Brief: Send back the whole listing untouched.

Excerpted records:
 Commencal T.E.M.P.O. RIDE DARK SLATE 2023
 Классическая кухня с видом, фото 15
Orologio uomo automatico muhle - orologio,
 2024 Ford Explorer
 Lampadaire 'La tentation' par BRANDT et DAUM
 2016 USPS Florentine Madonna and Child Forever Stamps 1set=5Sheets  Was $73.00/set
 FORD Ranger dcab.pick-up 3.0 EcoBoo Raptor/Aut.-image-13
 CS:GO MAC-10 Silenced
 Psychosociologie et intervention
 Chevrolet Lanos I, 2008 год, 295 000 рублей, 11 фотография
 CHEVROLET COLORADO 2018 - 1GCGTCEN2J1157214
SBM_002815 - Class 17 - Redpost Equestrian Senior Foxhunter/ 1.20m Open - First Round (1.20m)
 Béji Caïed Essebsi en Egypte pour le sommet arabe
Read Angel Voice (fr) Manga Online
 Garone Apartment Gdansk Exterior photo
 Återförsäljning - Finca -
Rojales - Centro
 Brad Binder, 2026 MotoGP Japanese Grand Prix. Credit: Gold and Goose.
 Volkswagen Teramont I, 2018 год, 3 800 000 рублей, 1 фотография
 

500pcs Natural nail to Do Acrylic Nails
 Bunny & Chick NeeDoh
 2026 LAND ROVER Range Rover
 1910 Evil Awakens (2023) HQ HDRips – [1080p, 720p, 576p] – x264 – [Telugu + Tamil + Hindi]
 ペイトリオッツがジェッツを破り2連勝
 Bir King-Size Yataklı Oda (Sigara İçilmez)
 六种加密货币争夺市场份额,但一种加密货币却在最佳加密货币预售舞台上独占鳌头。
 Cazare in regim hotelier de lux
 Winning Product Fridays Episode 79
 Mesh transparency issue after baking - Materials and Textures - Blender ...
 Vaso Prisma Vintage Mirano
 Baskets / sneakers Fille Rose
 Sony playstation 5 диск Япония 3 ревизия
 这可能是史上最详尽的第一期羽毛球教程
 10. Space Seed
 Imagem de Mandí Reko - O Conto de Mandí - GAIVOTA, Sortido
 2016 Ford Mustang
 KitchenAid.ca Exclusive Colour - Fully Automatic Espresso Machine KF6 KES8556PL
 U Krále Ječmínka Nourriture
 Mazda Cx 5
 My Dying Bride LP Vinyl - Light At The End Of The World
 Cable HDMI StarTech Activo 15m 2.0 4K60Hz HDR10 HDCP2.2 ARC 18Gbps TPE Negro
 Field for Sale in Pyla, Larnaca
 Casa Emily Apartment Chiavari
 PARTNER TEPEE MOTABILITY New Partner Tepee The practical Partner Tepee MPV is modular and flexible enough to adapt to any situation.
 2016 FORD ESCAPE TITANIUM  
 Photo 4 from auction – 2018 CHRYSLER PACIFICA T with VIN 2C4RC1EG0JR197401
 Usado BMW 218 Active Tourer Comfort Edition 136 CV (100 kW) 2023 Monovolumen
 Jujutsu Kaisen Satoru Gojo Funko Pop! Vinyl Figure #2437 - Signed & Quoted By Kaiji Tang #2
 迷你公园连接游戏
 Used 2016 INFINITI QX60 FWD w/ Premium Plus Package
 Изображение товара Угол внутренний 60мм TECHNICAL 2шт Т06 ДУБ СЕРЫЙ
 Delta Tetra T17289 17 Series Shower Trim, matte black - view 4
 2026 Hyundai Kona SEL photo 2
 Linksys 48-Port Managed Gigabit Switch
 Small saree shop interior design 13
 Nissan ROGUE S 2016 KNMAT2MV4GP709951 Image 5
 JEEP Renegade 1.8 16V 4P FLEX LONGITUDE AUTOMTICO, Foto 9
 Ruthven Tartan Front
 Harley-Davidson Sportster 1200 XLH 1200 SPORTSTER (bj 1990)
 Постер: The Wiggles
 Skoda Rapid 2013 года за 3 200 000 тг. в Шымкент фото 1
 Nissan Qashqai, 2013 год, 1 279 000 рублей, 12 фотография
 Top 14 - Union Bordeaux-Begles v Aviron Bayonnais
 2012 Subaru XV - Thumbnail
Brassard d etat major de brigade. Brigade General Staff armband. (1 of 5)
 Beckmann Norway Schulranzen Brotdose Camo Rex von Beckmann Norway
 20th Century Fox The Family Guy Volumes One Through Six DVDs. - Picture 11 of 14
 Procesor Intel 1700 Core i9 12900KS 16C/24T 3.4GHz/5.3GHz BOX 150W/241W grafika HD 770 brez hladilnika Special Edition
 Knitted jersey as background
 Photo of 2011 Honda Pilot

Exercise solution:
 Commencal T.E.M.P.O. RIDE DARK SLATE 2023
 Классическая кухня с видом, фото 15
Orologio uomo automatico muhle - orologio,
 2024 Ford Explorer
 Lampadaire 'La tentation' par BRANDT et DAUM
 2016 USPS Florentine Madonna and Child Forever Stamps 1set=5Sheets  Was $73.00/set
 FORD Ranger dcab.pick-up 3.0 EcoBoo Raptor/Aut.-image-13
 CS:GO MAC-10 Silenced
 Psychosociologie et intervention
 Chevrolet Lanos I, 2008 год, 295 000 рублей, 11 фотография
 CHEVROLET COLORADO 2018 - 1GCGTCEN2J1157214
SBM_002815 - Class 17 - Redpost Equestrian Senior Foxhunter/ 1.20m Open - First Round (1.20m)
 Béji Caïed Essebsi en Egypte pour le sommet arabe
Read Angel Voice (fr) Manga Online
 Garone Apartment Gdansk Exterior photo
 Återförsäljning - Finca -
Rojales - Centro
 Brad Binder, 2026 MotoGP Japanese Grand Prix. Credit: Gold and Goose.
 Volkswagen Teramont I, 2018 год, 3 800 000 рублей, 1 фотография
 

500pcs Natural nail to Do Acrylic Nails
 Bunny & Chick NeeDoh
 2026 LAND ROVER Range Rover
 1910 Evil Awakens (2023) HQ HDRips – [1080p, 720p, 576p] – x264 – [Telugu + Tamil + Hindi]
 ペイトリオッツがジェッツを破り2連勝
 Bir King-Size Yataklı Oda (Sigara İçilmez)
 六种加密货币争夺市场份额,但一种加密货币却在最佳加密货币预售舞台上独占鳌头。
 Cazare in regim hotelier de lux
 Winning Product Fridays Episode 79
 Mesh transparency issue after baking - Materials and Textures - Blender ...
 Vaso Prisma Vintage Mirano
 Baskets / sneakers Fille Rose
 Sony playstation 5 диск Япония 3 ревизия
 这可能是史上最详尽的第一期羽毛球教程
 10. Space Seed
 Imagem de Mandí Reko - O Conto de Mandí - GAIVOTA, Sortido
 2016 Ford Mustang
 KitchenAid.ca Exclusive Colour - Fully Automatic Espresso Machine KF6 KES8556PL
 U Krále Ječmínka Nourriture
 Mazda Cx 5
 My Dying Bride LP Vinyl - Light At The End Of The World
 Cable HDMI StarTech Activo 15m 2.0 4K60Hz HDR10 HDCP2.2 ARC 18Gbps TPE Negro
 Field for Sale in Pyla, Larnaca
 Casa Emily Apartment Chiavari
 PARTNER TEPEE MOTABILITY New Partner Tepee The practical Partner Tepee MPV is modular and flexible enough to adapt to any situation.
 2016 FORD ESCAPE TITANIUM  
 Photo 4 from auction – 2018 CHRYSLER PACIFICA T with VIN 2C4RC1EG0JR197401
 Usado BMW 218 Active Tourer Comfort Edition 136 CV (100 kW) 2023 Monovolumen
 Jujutsu Kaisen Satoru Gojo Funko Pop! Vinyl Figure #2437 - Signed & Quoted By Kaiji Tang #2
 迷你公园连接游戏
 Used 2016 INFINITI QX60 FWD w/ Premium Plus Package
 Изображение товара Угол внутренний 60мм TECHNICAL 2шт Т06 ДУБ СЕРЫЙ
 Delta Tetra T17289 17 Series Shower Trim, matte black - view 4
 2026 Hyundai Kona SEL photo 2
 Linksys 48-Port Managed Gigabit Switch
 Small saree shop interior design 13
 Nissan ROGUE S 2016 KNMAT2MV4GP709951 Image 5
 JEEP Renegade 1.8 16V 4P FLEX LONGITUDE AUTOMTICO, Foto 9
 Ruthven Tartan Front
 Harley-Davidson Sportster 1200 XLH 1200 SPORTSTER (bj 1990)
 Постер: The Wiggles
 Skoda Rapid 2013 года за 3 200 000 тг. в Шымкент фото 1
 Nissan Qashqai, 2013 год, 1 279 000 рублей, 12 фотография
 Top 14 - Union Bordeaux-Begles v Aviron Bayonnais
 2012 Subaru XV - Thumbnail
Brassard d etat major de brigade. Brigade General Staff armband. (1 of 5)
 Beckmann Norway Schulranzen Brotdose Camo Rex von Beckmann Norway
 20th Century Fox The Family Guy Volumes One Through Six DVDs. - Picture 11 of 14
 Procesor Intel 1700 Core i9 12900KS 16C/24T 3.4GHz/5.3GHz BOX 150W/241W grafika HD 770 brez hladilnika Special Edition
 Knitted jersey as background
 Photo of 2011 Honda Pilot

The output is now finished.